Hana is one of the few who goes through any type of dynamic growth in this book. We finally receive more background about some of the other characters who were introduced in Pandemonium, but there is very little that changes about these characters. Julian, who seemed much stronger in Pandemonium, is ignored, hardly speaks, and is turned into a small child who needs to be taken care of. This can be attributed to Alex’s “reincarnation.” As Lena states, “Over the past week, I’ve accepted that I will never love Julian as much as I loved Alex. But now that idea is overwhelming, like a wall between us. I will never love Julian like I love Alex.” Yet, I still find it hard to believe that this could cause him to have little to no interaction or growth in the novel.

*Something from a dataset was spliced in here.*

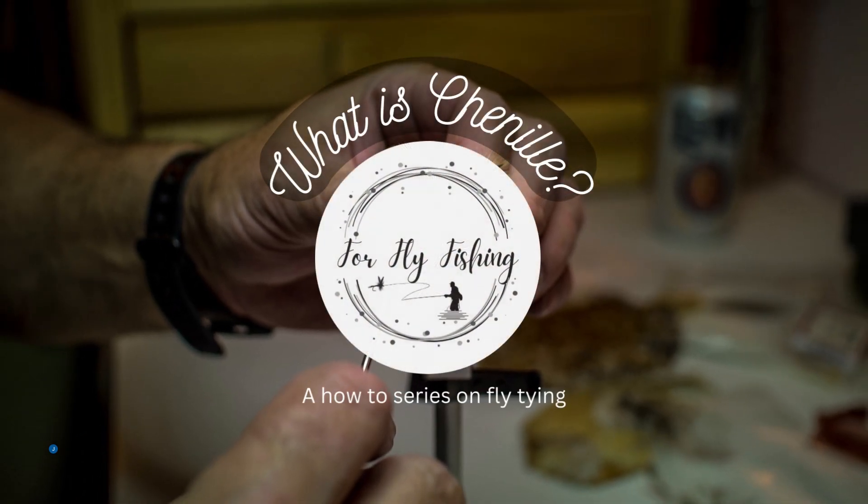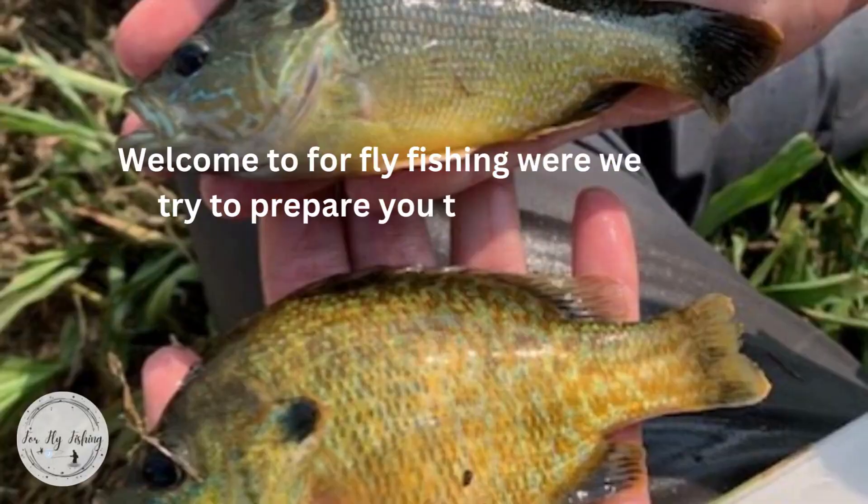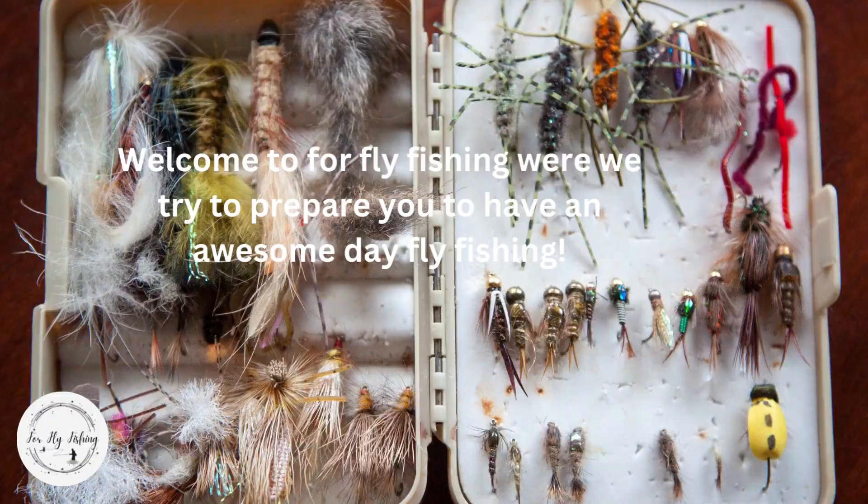What is chenille? A how-to series on fly tying. Welcome to For Fly Fishing, where we try to prepare you to have an awesome day fly fishing.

Alex, as well, has completely changed from Delirium, which is not unexpected from his time in the Crypts. If you read the short story written by Oliver about his time there, however, his cold behavior towards Lena is almost unprecedented. “It was a lie. Okay? It was all a lie. Craziness, like they always said. Just forget about it. Forget it ever happened.” It was somewhat disappointing after spending most of Pandemonium hoping that he was still alive only to find that he was, but he was unwilling to fight for Lena at all.
Lena actually spends little of this book struggling over her problems with Alex and Julian, and, instead, focuses on the rebellion.
While I generally dislike love triangles and find them cliché, Oliver skips over the romance almost completely and provides no real resolution. Instead, it’s largely left open for interpretation. I would have preferred it had she had followed through with her plotline instead.
Additionally, there is no way to avoid that this is a series about love, and an ending that does not address the most obvious romantic problems is annoying.
It is refreshing, however, that Lena does put her personal problems aside to deal with the importance of the rebellion. Her love triangle is not the only one, as her mother makes an appearance and they have to meet for the first time. This, too, is almost brushed aside and may leave readers feeling disappointed.
Besides her personal problems, Lena seems to be at the peak of her characterization. She is strong, courageous and does not allow anything to get in the way of the rebellion. She is no longer the weak child who fell in love with Alex, and one has to wonder if they really have anything in common anymore. She isn’t who she once was.
The series ending is ambiguous all around, and we hardly know what happens to any of the characters unless they’ve died. I’ve never, personally, liked those kinds of endings, nor have I met anyone who has, but if you don’t mind the open-endedness, then this series is a good one to read. If you, too, dislike ambiguous endings, however, and tend to throw books like A Handmaid’s Tale across the room when you’re finished, like I did, then you might find the ending of this series a little hard to swallow.
The series, as a whole, had a few problems with characterization and a messy plot. Once again, Oliver’s writing saves the series. And, despite the flaws, I did still read the entire series in a few days, having no problems until I reached the end.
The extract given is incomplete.